O ENCONTRO ENTRE JESUS E A SAMARITANA

1.(Uma leitura e interpretação de Frei Basílio)

João 4,1-43


– Um encontro e diálogo de duas pessoas, de um homem e uma mulher, de duas morais sexuais, de duas culturas, de duas tradições religiosas -


Era meio dia. Jesus, sozinho, assentado à beira de um poço. Vem uma mulher samaritana buscar água.


Vê aquele homem, sozinho, assentado à beira do poço. Ela recebe uma espécie de choque elétrico; seu coração dá um salto, suas pernas bambeiam, ela treme todo o corpo, sente uma atração louca por ele.


Pensa: “com este sim, vale a pena!”. E caminha em sua direção, toda ela só desejo e insinuação – os olhares, os trejeitos, o modo de jogar as cadeiras e os seios, toda ela era desejo e oferta, e escuta:


- “Dá-me de beber!”


Ela recebe um banho de água fria. Fica indignada, se sente rejeitada. Nunca lhe aconteceu isto. Ela está acostumada é com os olhares cobiçosos dos homens, todos a desejam e a devoram com os olhos.

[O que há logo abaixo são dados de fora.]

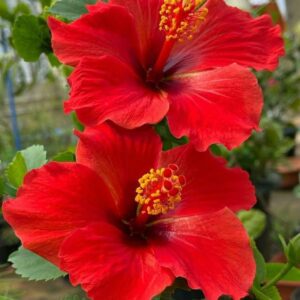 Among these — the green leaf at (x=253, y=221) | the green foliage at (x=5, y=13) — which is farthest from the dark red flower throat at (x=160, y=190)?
the green leaf at (x=253, y=221)

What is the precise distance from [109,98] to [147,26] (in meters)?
0.10

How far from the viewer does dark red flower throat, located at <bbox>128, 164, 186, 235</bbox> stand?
40cm

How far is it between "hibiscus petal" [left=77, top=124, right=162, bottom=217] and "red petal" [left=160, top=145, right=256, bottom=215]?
24 millimetres

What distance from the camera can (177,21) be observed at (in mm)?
446

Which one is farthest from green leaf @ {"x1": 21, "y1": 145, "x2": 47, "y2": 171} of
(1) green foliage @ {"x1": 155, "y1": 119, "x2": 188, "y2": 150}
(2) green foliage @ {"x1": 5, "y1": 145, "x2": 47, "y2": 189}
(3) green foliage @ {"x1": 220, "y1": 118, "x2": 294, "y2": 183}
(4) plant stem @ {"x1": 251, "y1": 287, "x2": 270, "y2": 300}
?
(3) green foliage @ {"x1": 220, "y1": 118, "x2": 294, "y2": 183}

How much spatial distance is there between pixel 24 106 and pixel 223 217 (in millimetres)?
3356

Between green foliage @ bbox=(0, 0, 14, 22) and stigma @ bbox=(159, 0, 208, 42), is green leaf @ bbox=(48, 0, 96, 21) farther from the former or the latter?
green foliage @ bbox=(0, 0, 14, 22)

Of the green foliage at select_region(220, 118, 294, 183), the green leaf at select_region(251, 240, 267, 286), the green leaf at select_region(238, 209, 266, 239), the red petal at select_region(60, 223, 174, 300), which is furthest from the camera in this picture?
the green foliage at select_region(220, 118, 294, 183)

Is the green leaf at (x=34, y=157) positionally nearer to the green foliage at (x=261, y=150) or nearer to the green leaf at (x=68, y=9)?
the green leaf at (x=68, y=9)

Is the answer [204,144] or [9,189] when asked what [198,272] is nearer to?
[204,144]

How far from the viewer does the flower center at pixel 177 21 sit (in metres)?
0.45

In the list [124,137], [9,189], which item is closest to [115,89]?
[124,137]

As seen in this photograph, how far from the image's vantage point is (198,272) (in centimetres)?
37

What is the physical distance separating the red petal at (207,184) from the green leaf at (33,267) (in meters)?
0.11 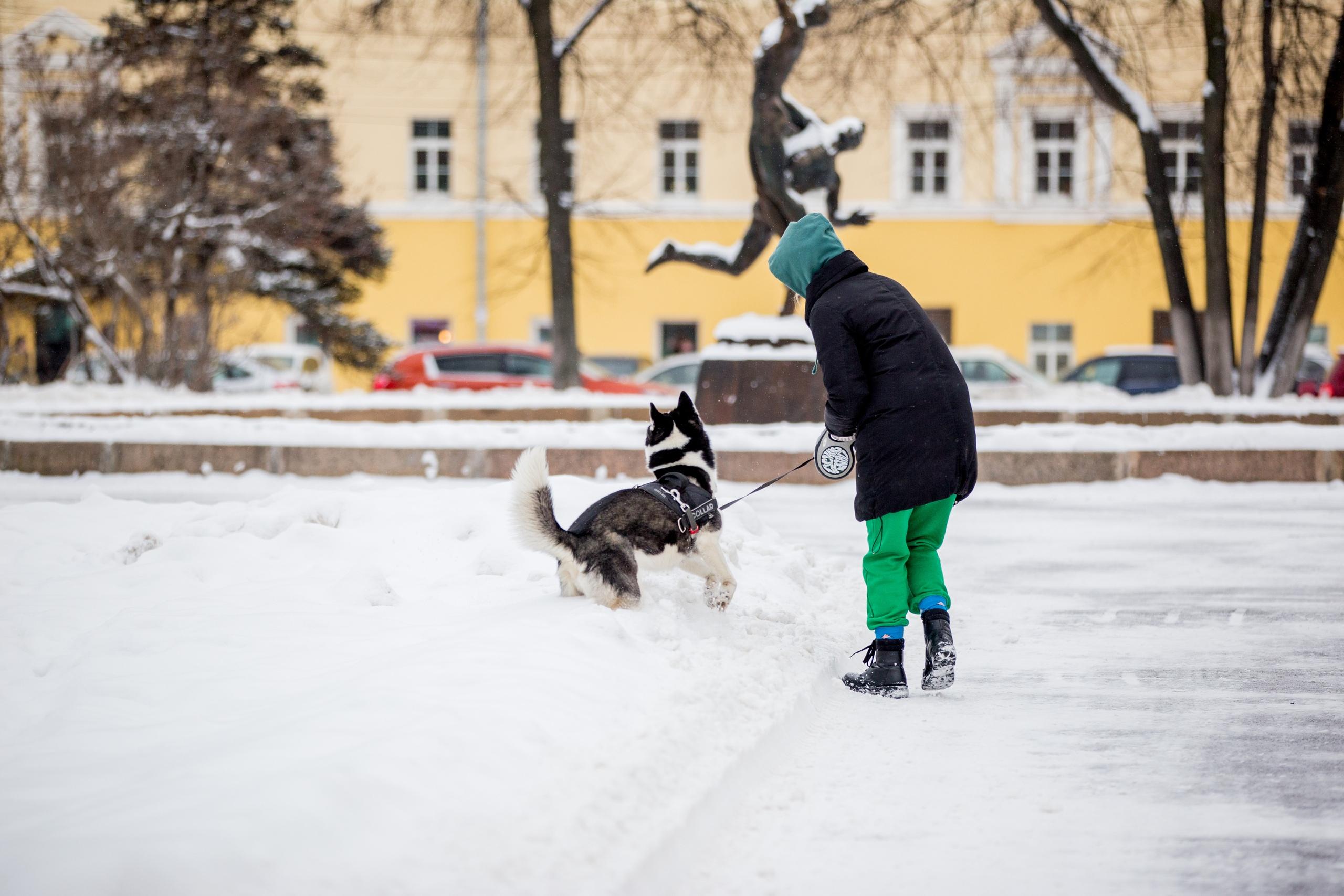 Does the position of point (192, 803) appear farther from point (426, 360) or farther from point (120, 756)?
point (426, 360)

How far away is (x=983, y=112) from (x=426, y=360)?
1445 centimetres

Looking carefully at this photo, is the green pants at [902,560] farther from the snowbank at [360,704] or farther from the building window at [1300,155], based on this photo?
the building window at [1300,155]

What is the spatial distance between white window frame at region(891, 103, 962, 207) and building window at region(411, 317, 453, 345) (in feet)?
36.2

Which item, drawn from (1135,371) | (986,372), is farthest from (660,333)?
(1135,371)

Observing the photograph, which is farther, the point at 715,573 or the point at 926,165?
the point at 926,165

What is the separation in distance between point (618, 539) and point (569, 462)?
21.6 feet

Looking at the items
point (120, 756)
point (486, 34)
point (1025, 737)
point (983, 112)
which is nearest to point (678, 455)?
point (1025, 737)

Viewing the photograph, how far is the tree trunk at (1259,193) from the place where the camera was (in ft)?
56.7

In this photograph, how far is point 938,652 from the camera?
4977 millimetres

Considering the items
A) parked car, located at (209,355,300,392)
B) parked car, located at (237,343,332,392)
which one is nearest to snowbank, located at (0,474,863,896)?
parked car, located at (209,355,300,392)

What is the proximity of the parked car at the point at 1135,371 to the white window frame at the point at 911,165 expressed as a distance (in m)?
8.33

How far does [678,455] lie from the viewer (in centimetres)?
581

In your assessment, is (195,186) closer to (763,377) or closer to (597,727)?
(763,377)

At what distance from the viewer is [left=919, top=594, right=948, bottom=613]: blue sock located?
501 centimetres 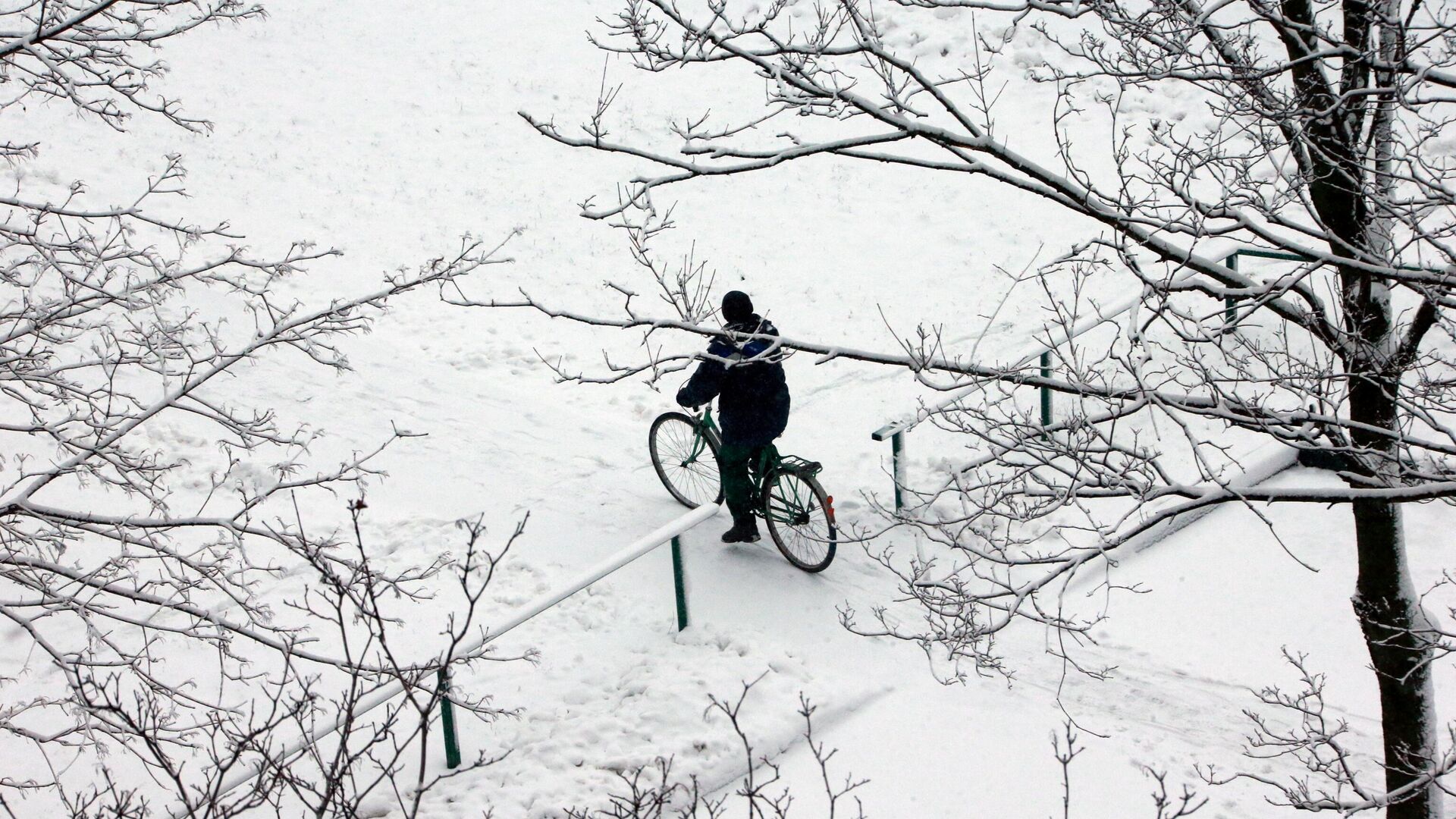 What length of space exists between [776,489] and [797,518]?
9.6 inches

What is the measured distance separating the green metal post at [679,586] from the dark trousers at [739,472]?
2.44 feet

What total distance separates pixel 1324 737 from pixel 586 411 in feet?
23.0

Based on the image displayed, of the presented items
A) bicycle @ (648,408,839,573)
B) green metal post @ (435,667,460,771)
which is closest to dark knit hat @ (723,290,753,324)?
bicycle @ (648,408,839,573)

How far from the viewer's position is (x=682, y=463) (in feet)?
27.6

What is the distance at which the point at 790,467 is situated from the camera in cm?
740

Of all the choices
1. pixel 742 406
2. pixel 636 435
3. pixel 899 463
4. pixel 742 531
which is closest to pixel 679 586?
pixel 742 531

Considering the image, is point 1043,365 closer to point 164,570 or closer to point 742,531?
point 742,531

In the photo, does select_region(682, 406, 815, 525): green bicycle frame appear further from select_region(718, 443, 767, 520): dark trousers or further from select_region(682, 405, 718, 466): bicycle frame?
select_region(682, 405, 718, 466): bicycle frame

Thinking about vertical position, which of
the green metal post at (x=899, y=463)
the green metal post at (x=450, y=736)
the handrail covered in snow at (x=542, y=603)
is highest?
the green metal post at (x=899, y=463)

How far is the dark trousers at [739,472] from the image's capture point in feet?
25.0

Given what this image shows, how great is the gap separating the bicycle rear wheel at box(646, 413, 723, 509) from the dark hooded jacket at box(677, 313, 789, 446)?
83cm

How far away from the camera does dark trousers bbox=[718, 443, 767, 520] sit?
25.0 ft

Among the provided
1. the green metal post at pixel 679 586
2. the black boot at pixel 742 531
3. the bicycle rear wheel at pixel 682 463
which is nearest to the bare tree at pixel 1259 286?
the green metal post at pixel 679 586

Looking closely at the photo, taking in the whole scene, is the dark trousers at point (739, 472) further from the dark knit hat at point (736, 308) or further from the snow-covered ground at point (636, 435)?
the dark knit hat at point (736, 308) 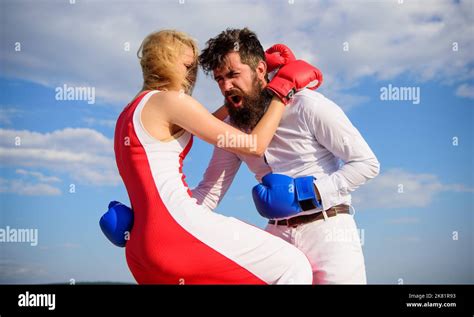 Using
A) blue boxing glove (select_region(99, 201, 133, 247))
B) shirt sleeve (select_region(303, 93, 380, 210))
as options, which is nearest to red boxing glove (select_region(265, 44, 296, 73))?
shirt sleeve (select_region(303, 93, 380, 210))

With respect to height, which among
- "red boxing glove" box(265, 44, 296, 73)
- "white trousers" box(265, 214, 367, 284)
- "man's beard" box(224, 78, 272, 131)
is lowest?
"white trousers" box(265, 214, 367, 284)

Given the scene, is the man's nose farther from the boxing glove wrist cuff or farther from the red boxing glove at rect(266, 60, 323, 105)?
the boxing glove wrist cuff

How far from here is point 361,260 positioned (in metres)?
4.12

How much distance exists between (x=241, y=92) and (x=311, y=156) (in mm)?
809

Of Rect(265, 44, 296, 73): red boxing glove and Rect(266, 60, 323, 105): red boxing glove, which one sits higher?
Rect(265, 44, 296, 73): red boxing glove

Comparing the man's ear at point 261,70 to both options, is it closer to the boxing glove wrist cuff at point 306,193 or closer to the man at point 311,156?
the man at point 311,156

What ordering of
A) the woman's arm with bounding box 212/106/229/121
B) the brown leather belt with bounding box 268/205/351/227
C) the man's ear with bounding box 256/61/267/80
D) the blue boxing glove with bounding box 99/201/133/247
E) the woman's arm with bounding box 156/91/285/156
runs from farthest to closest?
the woman's arm with bounding box 212/106/229/121
the man's ear with bounding box 256/61/267/80
the brown leather belt with bounding box 268/205/351/227
the blue boxing glove with bounding box 99/201/133/247
the woman's arm with bounding box 156/91/285/156

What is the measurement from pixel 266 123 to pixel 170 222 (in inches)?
41.5

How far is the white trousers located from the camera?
13.0 ft

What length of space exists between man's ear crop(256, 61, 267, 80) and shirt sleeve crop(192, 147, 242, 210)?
0.76 metres

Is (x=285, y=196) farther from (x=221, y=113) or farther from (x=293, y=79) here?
(x=221, y=113)

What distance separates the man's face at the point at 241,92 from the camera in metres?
4.43

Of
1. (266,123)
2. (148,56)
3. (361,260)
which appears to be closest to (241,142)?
(266,123) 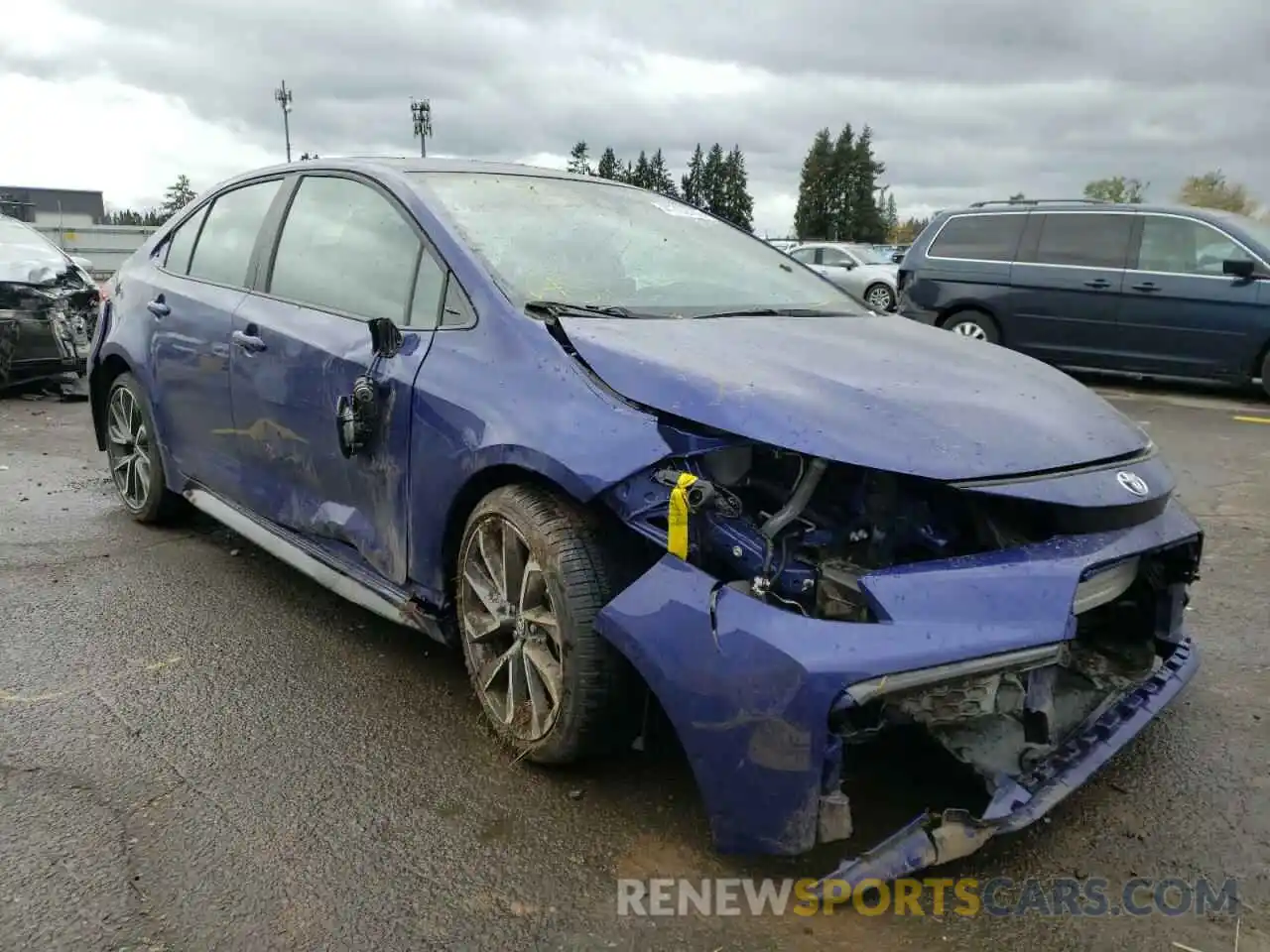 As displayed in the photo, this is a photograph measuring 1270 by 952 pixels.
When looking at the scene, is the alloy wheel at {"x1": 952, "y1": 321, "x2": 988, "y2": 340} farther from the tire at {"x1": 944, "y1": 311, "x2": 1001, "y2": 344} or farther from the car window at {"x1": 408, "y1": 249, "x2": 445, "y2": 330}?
the car window at {"x1": 408, "y1": 249, "x2": 445, "y2": 330}

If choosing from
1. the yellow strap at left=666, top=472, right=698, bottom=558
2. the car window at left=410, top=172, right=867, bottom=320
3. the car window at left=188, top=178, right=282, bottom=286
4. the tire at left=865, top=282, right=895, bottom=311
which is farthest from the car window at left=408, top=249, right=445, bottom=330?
the tire at left=865, top=282, right=895, bottom=311

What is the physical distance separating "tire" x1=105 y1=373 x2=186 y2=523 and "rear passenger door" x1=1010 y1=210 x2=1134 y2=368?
26.9 feet

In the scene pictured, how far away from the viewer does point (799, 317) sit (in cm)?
A: 330

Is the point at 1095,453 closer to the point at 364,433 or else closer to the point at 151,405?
the point at 364,433

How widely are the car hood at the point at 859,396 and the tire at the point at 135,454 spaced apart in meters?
2.81

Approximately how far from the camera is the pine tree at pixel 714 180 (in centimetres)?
8306

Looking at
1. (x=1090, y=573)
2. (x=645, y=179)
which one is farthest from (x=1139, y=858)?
(x=645, y=179)

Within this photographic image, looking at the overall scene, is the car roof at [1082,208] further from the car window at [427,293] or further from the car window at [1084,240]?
the car window at [427,293]

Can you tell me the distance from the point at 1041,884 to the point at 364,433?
7.16ft

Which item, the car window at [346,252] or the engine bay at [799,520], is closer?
the engine bay at [799,520]

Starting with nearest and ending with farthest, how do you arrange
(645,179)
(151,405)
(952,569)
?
(952,569) → (151,405) → (645,179)

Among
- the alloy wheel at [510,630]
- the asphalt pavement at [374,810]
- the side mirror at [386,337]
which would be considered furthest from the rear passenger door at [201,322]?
the alloy wheel at [510,630]

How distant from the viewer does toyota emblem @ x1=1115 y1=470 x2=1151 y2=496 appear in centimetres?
248

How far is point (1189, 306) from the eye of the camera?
917cm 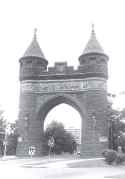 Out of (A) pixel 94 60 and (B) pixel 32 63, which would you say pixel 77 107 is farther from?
(B) pixel 32 63

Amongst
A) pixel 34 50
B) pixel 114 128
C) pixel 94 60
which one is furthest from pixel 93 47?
pixel 114 128

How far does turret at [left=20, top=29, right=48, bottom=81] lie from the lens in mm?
40281

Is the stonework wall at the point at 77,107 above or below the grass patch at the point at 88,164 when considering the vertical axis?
above

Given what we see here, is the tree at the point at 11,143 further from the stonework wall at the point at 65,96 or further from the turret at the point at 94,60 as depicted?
the turret at the point at 94,60

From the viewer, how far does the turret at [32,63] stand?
4028 centimetres

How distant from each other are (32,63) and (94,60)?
8.36m

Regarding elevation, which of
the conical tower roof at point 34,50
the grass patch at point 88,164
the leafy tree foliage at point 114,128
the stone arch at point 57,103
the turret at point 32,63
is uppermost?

Percebe no pedido, “dá-me de beber”, o sotaque de um judeu. Ela oferecia, era outra coisa. Oferecia e desejava outra coisa. Então, entende, o desprezo. Um judeu não vai se sujar com uma samaritana. Acendem-se nela o ódio antigo e visceral entre judeus e samaritanos, e mais ainda, o da mulher fêmea desprezada.


Então responde, com rancor e ódio:


- “Como é que tu, sendo judeu, pedes de beber a mim, que sou uma mulher samaritana?”


Diante da reação hostil, ele continua próximo, compreensivo e acolhedor. Ele responde, calmo, sereno, senhor de si, sem reagir ao ódio:


- “Se conhecesses o dom de Deus e quem é aquele que te diz: “Dá-me de beber”, tu lhe pedirias, e ele te daria a água viva.”


Ela pensa, com raiva, ‘é um judeu mesmo’. Só ele tem coisas boas para oferecer. Só ele se julga doador das coisas de Deus.


Ela responde com firmeza e manifesta a superioridade de sua experiência religiosa a partir da posse em herança deste poço:


- “Senhor, não tens sequer com o que tirar água, e o poço é fundo; de onde tens essa água viva? Serás maior que nosso pai Jacó, que nos deu este poço, do qual bebeu ele mesmo, como também seus filhos e seus animais?”


Ela está segura e orgulhosa de ter como Pai, o grande Patriarca Jacó. Ela tem uma grande tradição religiosa. E este poço é uma espécie de comunhão, de união, de sacramento, do seu Pai Jacó, que lhes deu este poço, do qual bebeu ele mesmo!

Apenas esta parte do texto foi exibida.